Un roman troublant et superbement bien fichu, autant dans les différentes voix qui se succèdent, que dans la construction romanesque. Avec un épilogue en forme de boucle et de clin d'œil à l'adresse du lecteur: débrouille les fils, si tu peux !
Claire, 48 ans et prof de fac, est internée depuis des mois suite à un choc amoureux. Elle raconte son histoire à son nouveau psy. Pour pister son amant qui la négligeait, elle a créé un faux profil Facebook, dans le but de devenir "amie" avec Chris, le meilleur ami de l'homme de ses pensées, en se faisant passer pour quelqu’un d’autre. Et bien sûr, Chris est tombé amoureux de Claire et Claire est tombée amoureuse de Chris.
Ça ressemble à un Jeu de l'amour et du hasard en version moderne, sauf que l'un des deux seulement porte un masque, source d'un déséquilibre tragique. Quand Chris insiste pour rencontrer Claire, elle se défile, peu désireuse qu'il découvre qu'elle a deux fois l'âge qu'elle affiche. La voici écartelée entre ses deux personnes, la vraie et la fausse, entre réel et fiction.

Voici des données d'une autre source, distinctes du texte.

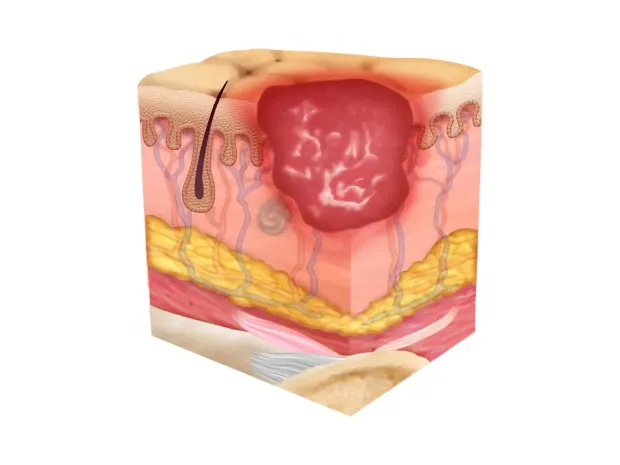 Ilustration of the skin surface with a Stage 2 pressure injury, with the wound close to the surface of the skin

Ce roman ressemble furieusement à un jeu de poupées russes, sauf qu'au lieu d'aller de la plus grande à la plus petite, c'est un peu l'inverse qui se produit ici : chaque histoire est emboitée dans une autre histoire qui la contient, lui donnant des rebondissements inattendus et lui servant de miroir déformant. Dix façons de raconter la même histoire, ou de l'imaginer, ou de la réinterpréter. Qui ment et qui dit la vérité ? Qui raconte l'histoire et qui la vit ? Il est beaucoup question dans ce roman de femmes qui vieillissent mais veulent continuer à séduire, et sur le regard que la société porte sur les femmes de plus de cinquante ans. Mais il ne s'agit pas seulement d'amour et de fiction, c'est aussi un livre sur l'écriture : exister pour écrire ou écrire pour exister ? Et il semble que pour Camille Laurens, désir amoureux et désir d'écrire soient intimement mêlés.